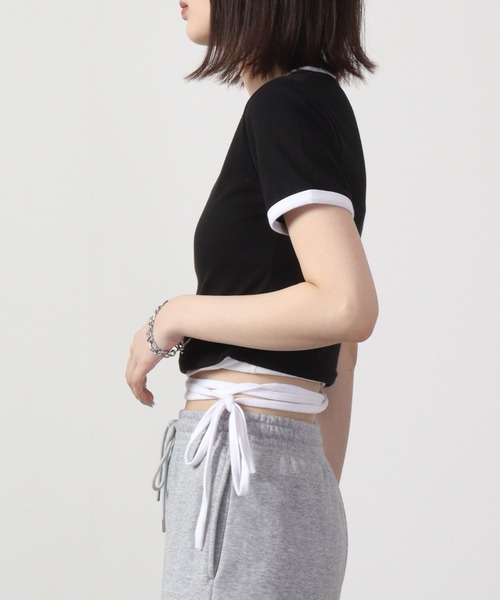 FUNALIVE(ファンアライブ)の「韓国製 ダークハートモチーフクロップド丈紐デザインTシャツ 半袖(Tシャツ/カットソー・レディース・ブラック/カーキ/ピンク/ホワイト・FREE)」の22枚目の写真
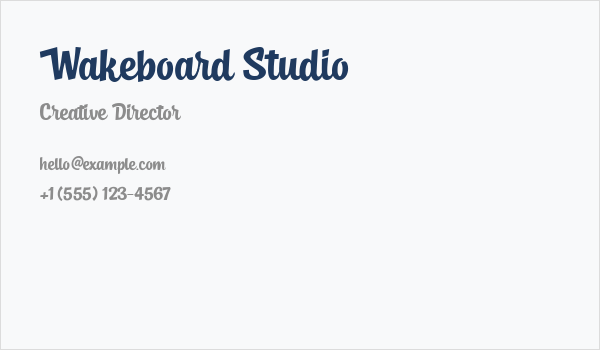 Wakeboard Studio Business Card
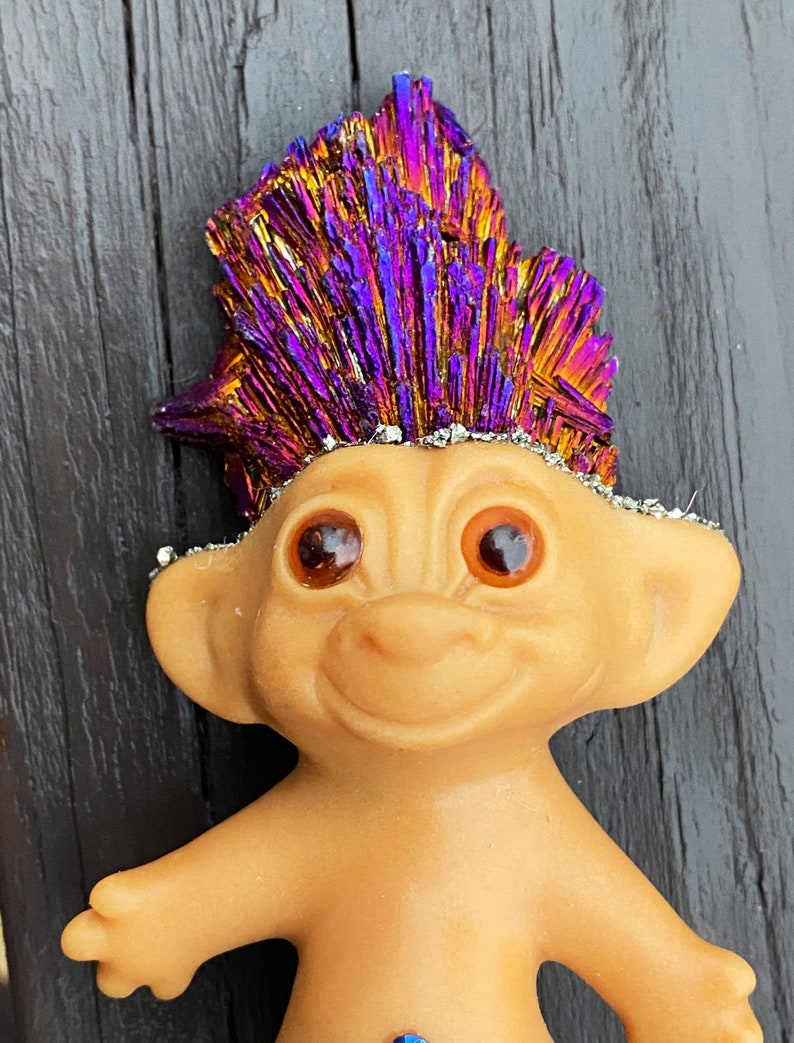 Wishnik titanium kyanite crystal troll doll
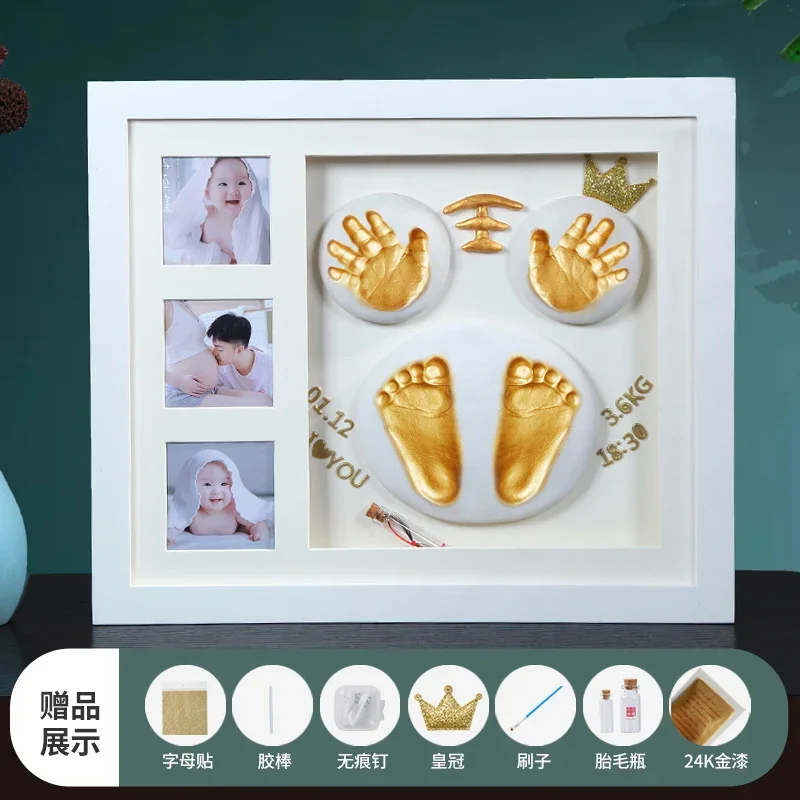 Baby hand and foot prints one year old fetal hair commemorative frame newborn baby hand and foot prints baby handprint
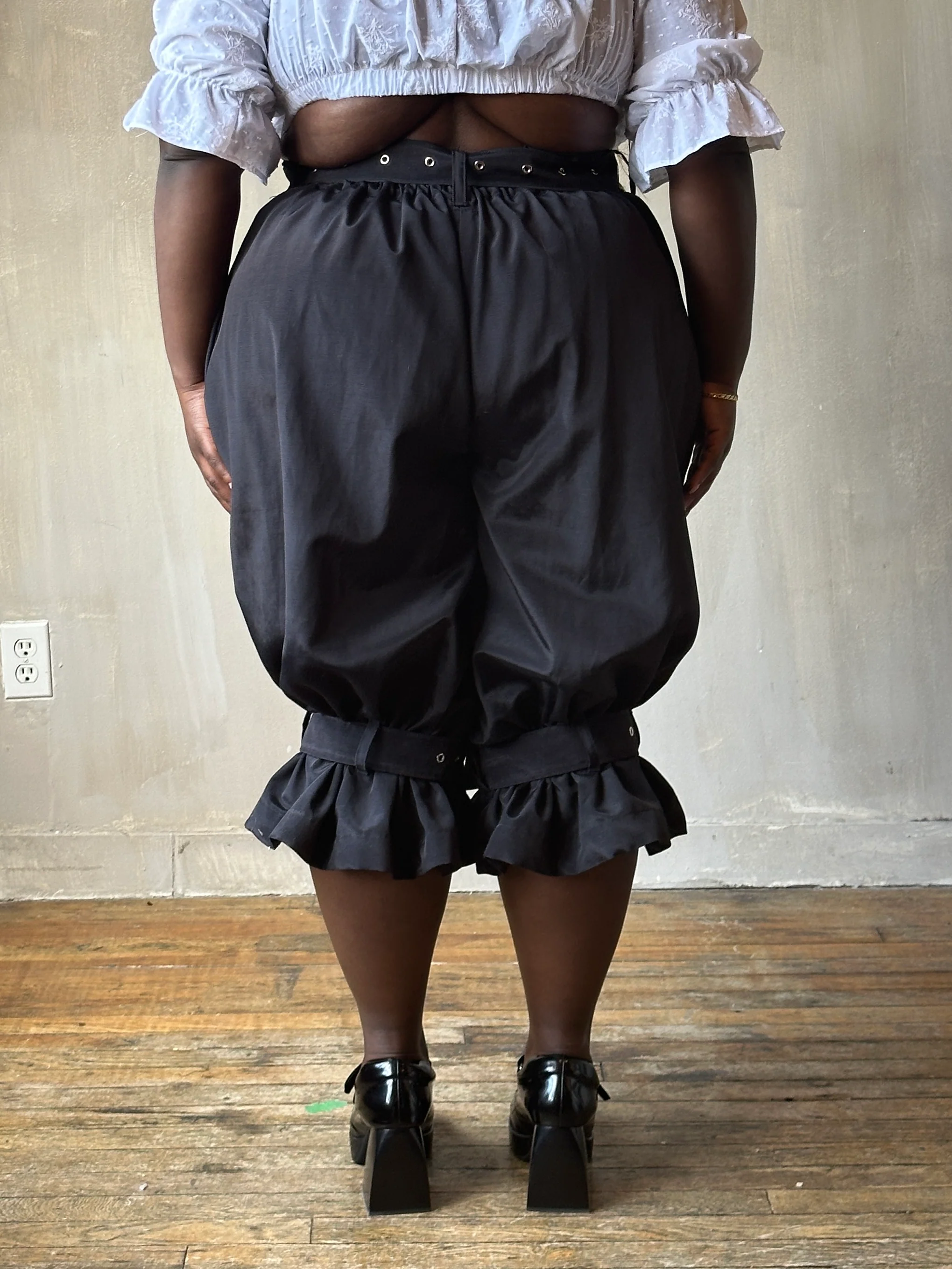 Sample Sale: "pirate bloomers" with Belt and Leg Straps in Black Twill Taffeta (Size V) - Image 6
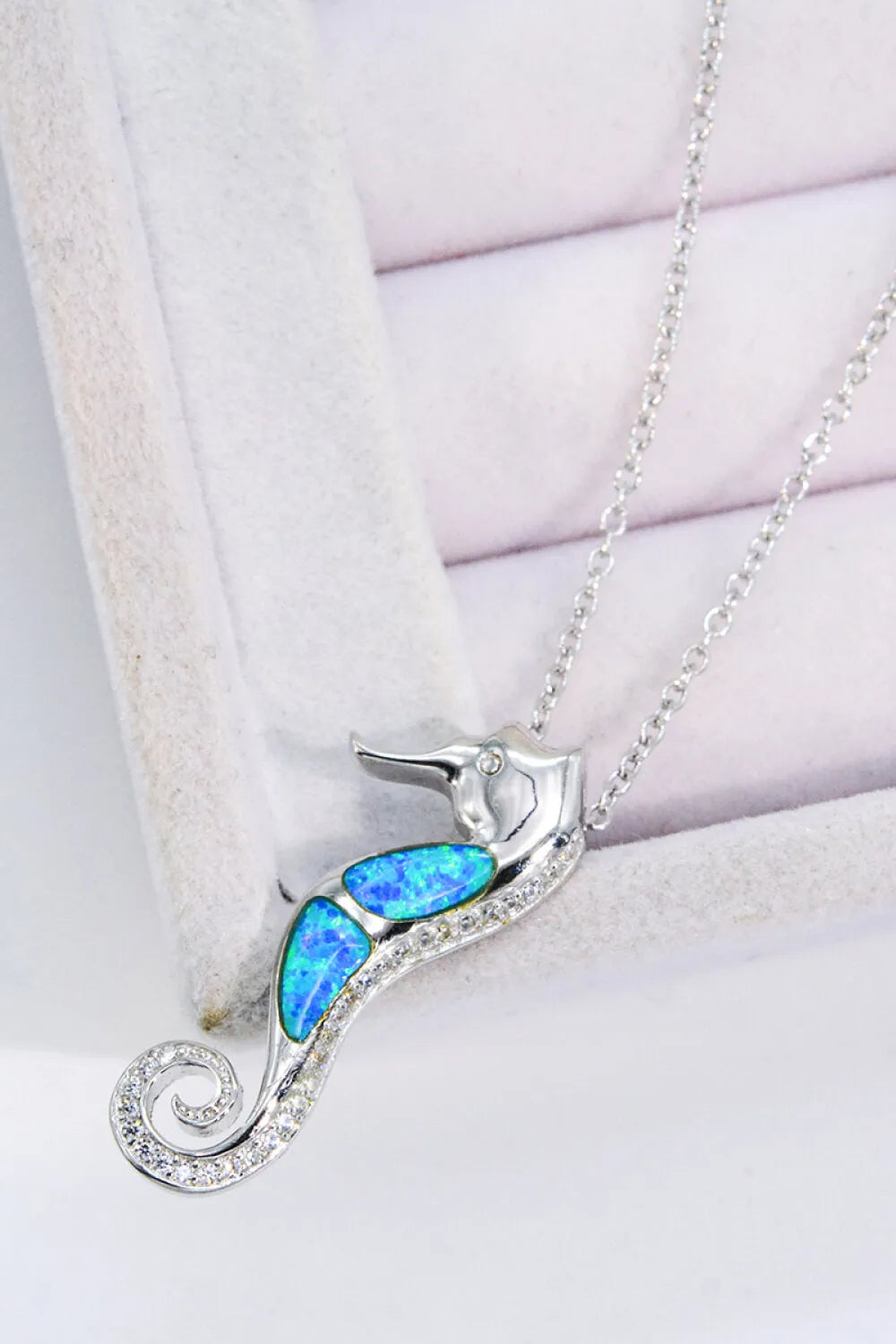 Opal Seahorse 925 Sterling Silver Necklace Opal - Tophatter Daily Deals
+--
#### Aim of the exercise
Only the lines from the one containing "V) - Image 6" through the last line of the entries belong in the answer, given again exactly. Images stay out.

#### Solution to this problem
 Sample Sale: "pirate bloomers" with Belt and Leg Straps in Black Twill Taffeta (Size V) - Image 6
 Opal Seahorse 925 Sterling Silver Necklace Opal - Tophatter Daily Deals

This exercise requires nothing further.